Uma “dignidade” comprometida também pelo estado em que deixa a economia do país, ainda dependente do petróleo. Angola teve de pedir ajuda financeira ao FMI (4,5 mil milhões de dólares), os indicadores mostram fraco crescimento económico (1% em 2017, segundo o FMI), alto desemprego (20%, embora tenha decrescido nos últimos anos) e inflação elevada (24,7%, na previsão do FMI para 2018). Tudo isto apesar de Angola ser o segundo maior produtor de petróleo em África, a seguir à Nigéria. Mas, por outro lado, é a dependência do petróleo que fragiliza a economia angolana. Um problema que Eduardo dos Santos não soube ou não pôde resolver. Como continua por resolver um real défice na questão dos direitos humanos e dos abusos de poder pelas autoridades.
Assim como foi durante a sua permanência no poder que o país se tornou um dos mais afectados pelo fenómeno da corrupção e com a economia dominada por uma pequena oligarquia. Em 2017, Angola ocupava a 167.ª posição numa lista de 180 países avaliados pela Transparência Internacional. Com repercussões no quotidiano de todos. Referia nesta semana à Lusa um funcionário público que “deixou de haver amor” e “união entre os angolanos”. E Marco Quipeia define até o marco temporal da mudança: “Depois da paz, ficou cada um a procurar o seu modo de vida.”

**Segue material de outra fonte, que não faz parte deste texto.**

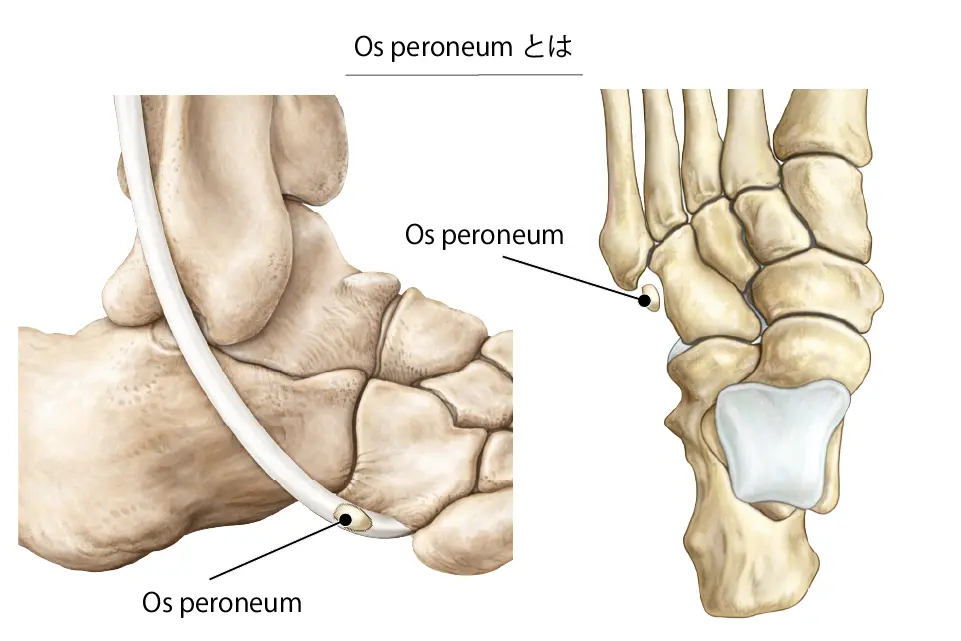 Os peroneumとは２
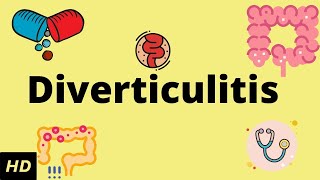 Top 6 Foods To Avoid With Diverticulitis [upl. by Valeda]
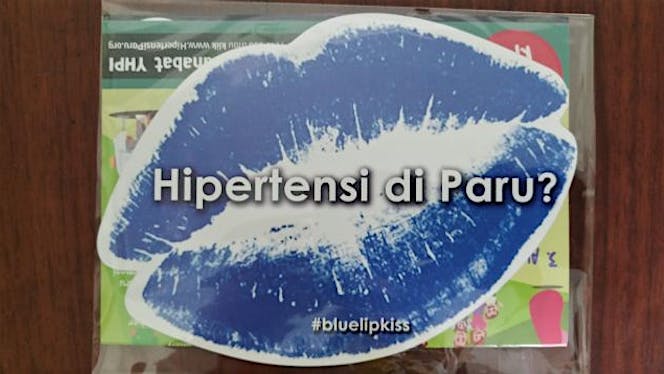 Jangkau 25.000 Pasien Hipertensi Paru di Indonesia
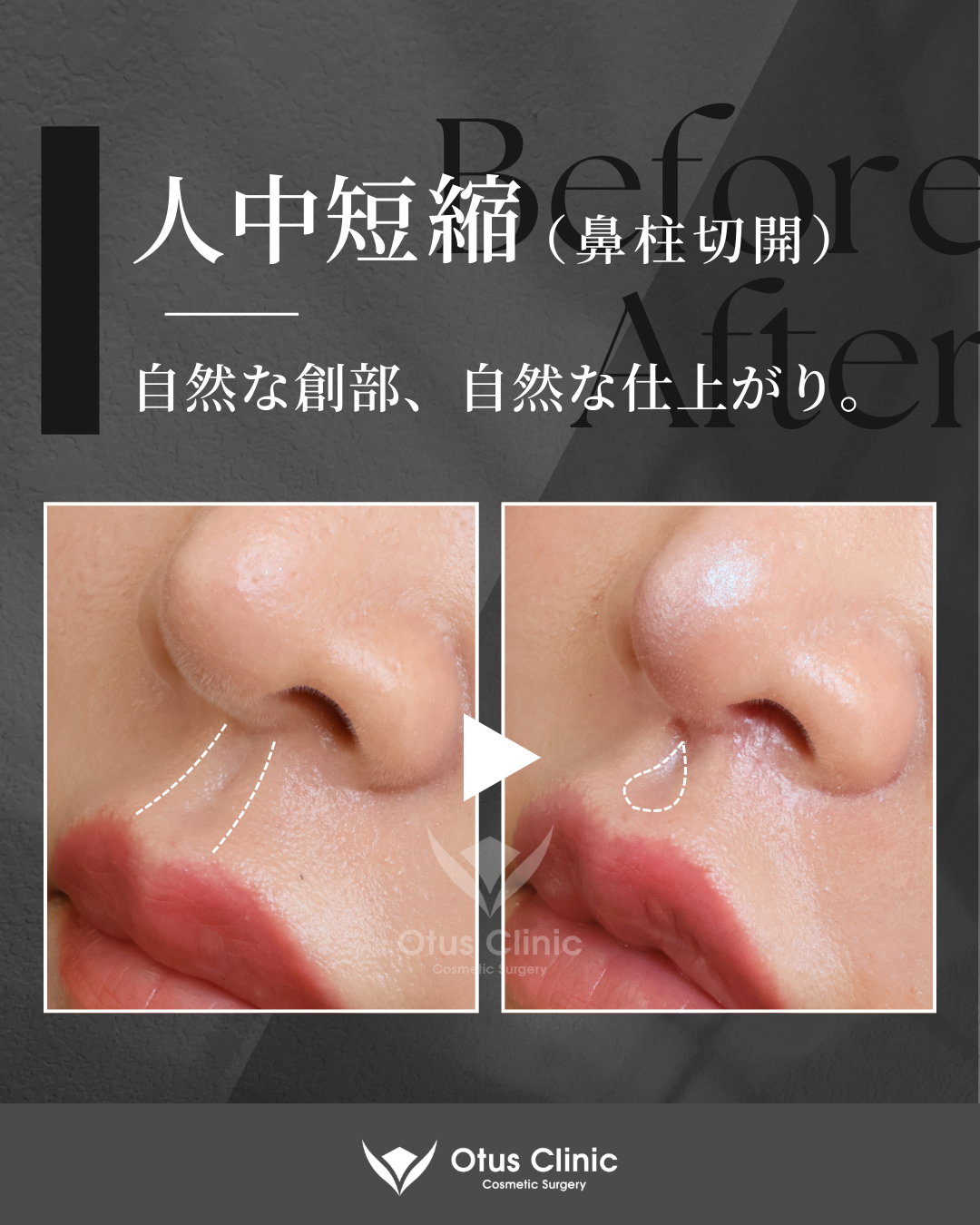 鼻柱切開人中短縮・貴族組織移植・鼻翼縮小・鼻翼挙上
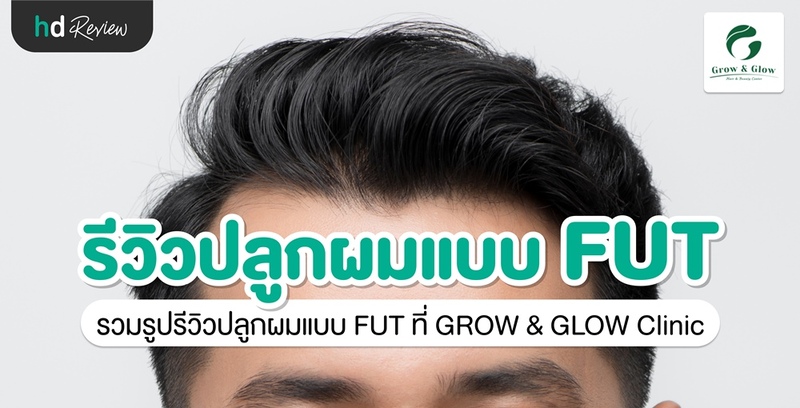 รีวิวปลูกผมแบบ FUT ที่ GROW & GLOW Clinic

É a paz que acaba por ser o legado maior que Eduardo dos Santos deixa a Angola. Ao triunfar na longa guerra civil (1975-2002) sobre a UNITA, entretanto transformada em partido político e principal força da oposição, Zedu passa a ter condições para tornar Angola um país viável e apostar no desenvolvimento. Como referiu à Lusa o académico e analista Jonuel Gonçalves, o então presidente “montou um bom dispositivo para ganhar a guerra – única forma de acabar com ela – e, quando a ganhou, não anulou o adversário, deixando-lhe espaço político. Não sei se fosse outro o vencedor as coisas se passariam da mesma forma”.
Com a paz, Eduardo dos Santos e o MPLA assumem políticas mais pragmáticas e permitem a abertura de Angola à iniciativa privada e à economia de mercado.

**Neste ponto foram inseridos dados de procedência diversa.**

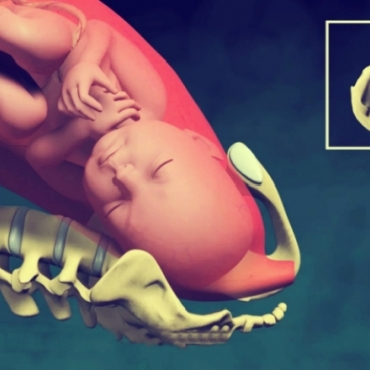 Normal Vaginal Childbirth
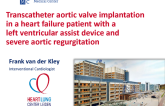 TVT 1130: Transcatheter Aortic Valve Implantation in a Heart-Failure Patient With a Left Ventricular Assist Device and Severe Aortic Regurgitation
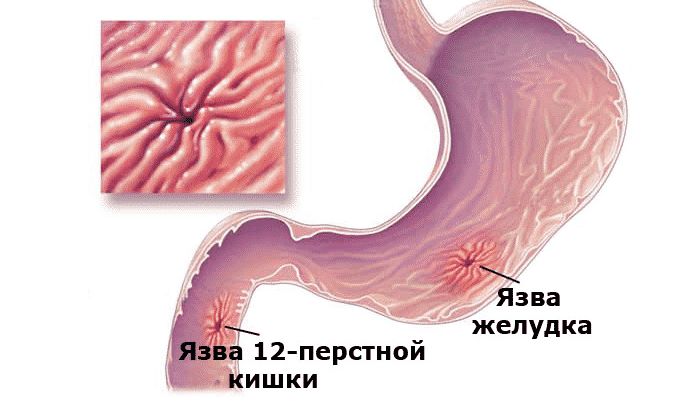 ЛОТРИДЕРМ – інструкція із застосування, ціна, відгуки і аналоги lotriderm nstrukc ya z zastosuvannya c na v dguki analogi 3 - ЛОТРИДЕРМ – інструкція із застосування, ціна, відгуки і аналоги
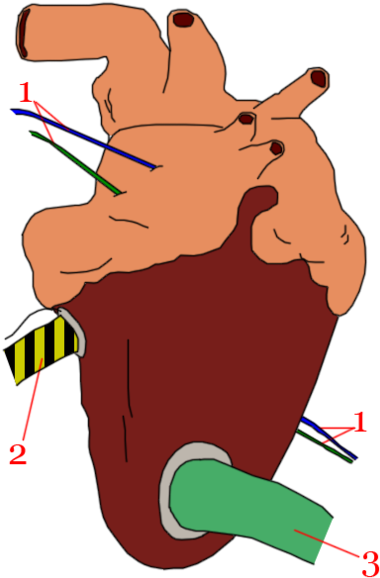 394px-coeur Auxiliaire - Warhammer 40k Space Marine Implants (394x599)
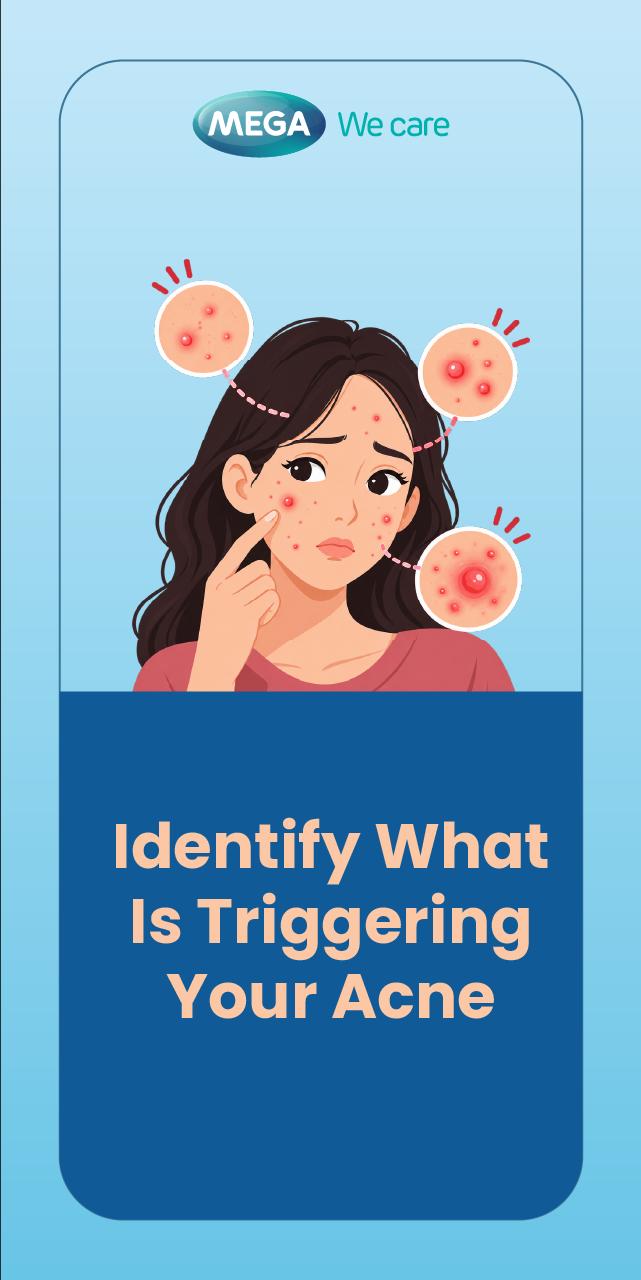 Identify What is Triggering Your Acne?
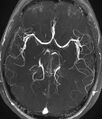 Magnetic resonance angiography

Agora que olha a baía de Luanda a partir da sua residência no bairro de Miramar, Zedu pode sentir-se sossegado com o futuro. Ainda que talvez não todos os membros da sua família. Ao contrário da grande maioria dos presidentes africanos, como se viu com os recentes exemplos de Robert Mugabe (afastado pelos militares) ou de Jacob Zuma (forçado a sair pelo seu partido, o ANC), ele deixou voluntariamente o poder.